Para eso, y no únicamente para llegar a fin de mes, se habla de la importancia de que las personas trans tengan acceso a trabajos registrados. “En mi caso, el trabajo me permitió proyectar qué quería para mi vida”.
Era noviembre de 2021 cuando Ian decidió suspender la inyección de testosterona que le tocaba. Cuatro meses después recuperó su ciclo menstrual. El plan de su médica era intentar, al menos para empezar, con un tratamiento de baja complejidad con esperma donado.
Lo primero que sucedió, sin embargo, fue el clásico “pero” de su obra social. “Me pidieron un estudio psicológico completo. No sé bien por qué fue, si porque era un varón el que estaba buscando embarazarse o porque yo era una persona sola. Hasta ese momento mi obra social no admitía que personas que no estuvieran en pareja y que no tuvieran un problema de fertilidad accedieran a los tratamientos”.
Su psicóloga dijo “de ninguna manera”. Ian, además, sabía que eso iba en contra de la Ley de fertilidad y de la Ley de Identidad de Género así que contó en la Defensoría Pública local lo que le estaba pasando. “Siempre jugando con esto de que vos no sepas y dejes tu deseo de lado”, opina. Intervinieron las abogadas y al mes lo llamaron para decirle que estaba todo aprobado.
Le hicieron la estimulación ovárica – “que es todo al revés de lo que venía haciendo, porque me inyectaron hormonas femeninas”, dice, y hace comillas con los dedos- y, en la fecha indicada, le hicieron la inseminación. “Es raro pero unas horas más tarde yo sentí que ya estaba sucediendo”, sonríe.
Pocos días después su doctora recibió los análisis y dijo las palabras que confirmaron la sensación: “Con estos resultados quiero decirte que estás embarazado”. Era 20 de diciembre cuando Ian reenvió el mensaje a sus amigas, a sus amigos, a su mamá. Había quedado embarazado en el primer intento.
Dos semanas después fue con una amiga a hacerse la primera ecografía. “Aia”, dijo ella apenas vio el monitor. “Yo veía que había como dos partes, y en mi mente dije ‘bueno, lo de abajo debe ser el diafragma’”, se ríe. Claro que no era el diafragma, eran Manuel y Yanay Almendra, los mellizos que están a días de nacer.

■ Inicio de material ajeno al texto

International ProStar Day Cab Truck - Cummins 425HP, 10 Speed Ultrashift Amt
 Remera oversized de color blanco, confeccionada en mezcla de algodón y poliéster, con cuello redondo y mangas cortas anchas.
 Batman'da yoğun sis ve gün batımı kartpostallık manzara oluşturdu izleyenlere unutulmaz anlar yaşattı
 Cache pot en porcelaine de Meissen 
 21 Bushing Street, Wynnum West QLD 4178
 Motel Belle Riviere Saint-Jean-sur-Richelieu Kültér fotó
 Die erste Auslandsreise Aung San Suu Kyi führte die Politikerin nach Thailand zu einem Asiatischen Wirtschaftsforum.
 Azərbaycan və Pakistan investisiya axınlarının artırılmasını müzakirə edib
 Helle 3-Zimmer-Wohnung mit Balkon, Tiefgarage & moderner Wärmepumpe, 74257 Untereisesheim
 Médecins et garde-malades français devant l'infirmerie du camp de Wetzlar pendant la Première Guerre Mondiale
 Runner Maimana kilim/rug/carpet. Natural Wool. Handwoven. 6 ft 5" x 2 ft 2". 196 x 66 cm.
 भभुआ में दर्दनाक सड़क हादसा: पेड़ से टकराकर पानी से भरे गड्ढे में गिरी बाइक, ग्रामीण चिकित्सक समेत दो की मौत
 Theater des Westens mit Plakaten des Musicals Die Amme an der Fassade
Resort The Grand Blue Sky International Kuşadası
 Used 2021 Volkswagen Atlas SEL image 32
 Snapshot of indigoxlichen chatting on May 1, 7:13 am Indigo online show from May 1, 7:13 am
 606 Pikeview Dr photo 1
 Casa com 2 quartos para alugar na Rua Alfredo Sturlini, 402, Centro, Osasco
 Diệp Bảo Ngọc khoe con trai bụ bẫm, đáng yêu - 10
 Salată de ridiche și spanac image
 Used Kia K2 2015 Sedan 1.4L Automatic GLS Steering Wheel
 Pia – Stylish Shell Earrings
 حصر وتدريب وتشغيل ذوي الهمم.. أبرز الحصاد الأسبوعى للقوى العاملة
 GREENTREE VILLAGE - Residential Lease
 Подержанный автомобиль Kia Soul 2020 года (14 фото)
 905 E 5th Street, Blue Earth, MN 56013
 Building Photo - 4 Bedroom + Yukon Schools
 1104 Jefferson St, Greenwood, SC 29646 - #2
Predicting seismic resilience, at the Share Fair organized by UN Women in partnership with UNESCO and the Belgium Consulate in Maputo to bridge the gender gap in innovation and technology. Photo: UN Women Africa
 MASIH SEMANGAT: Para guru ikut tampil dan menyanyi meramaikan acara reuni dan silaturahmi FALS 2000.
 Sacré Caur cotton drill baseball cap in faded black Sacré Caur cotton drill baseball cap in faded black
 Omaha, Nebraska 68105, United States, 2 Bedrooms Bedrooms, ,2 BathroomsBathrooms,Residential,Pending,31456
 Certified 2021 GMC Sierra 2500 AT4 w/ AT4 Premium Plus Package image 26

“Estar embarazado no va en contra de mi masculinidad, ni siquiera con esta panza de 8 meses”, sostiene él. De hecho, a diferencia de otros hombres trans, Ian no se hizo la doble mastectomía, por lo que tiene pensado amamantarlos “al menos por un tiempo, hasta que necesite volver a recuperar mi cuerpo”.
En los dos trabajos tendrá una licencia extendida por gestación múltiple “aunque lamentablemente todavía se llama licencia por maternidad, cuando está claro que yo no voy a ser la madre sino el padre, que le estoy poniendo el cuerpo a la paternidad”.
Aquello de tener un hijo solo, al final, fue tomando formas nuevas con el correr de los meses, porque ya embarazado, Ian se puso en pareja con Patricia, una joven de Buenos Aires que decidió mudarse a Puerto Madryn pronto para acompañarlo en la crianza. “Como que nos encontramos dos personas que estábamos deseando lo mismo en el mismo momento, ¿no?”, se despide él, con la sonrisa de primavera y a punto de que la vida, otra vez, se ponga patas arriba.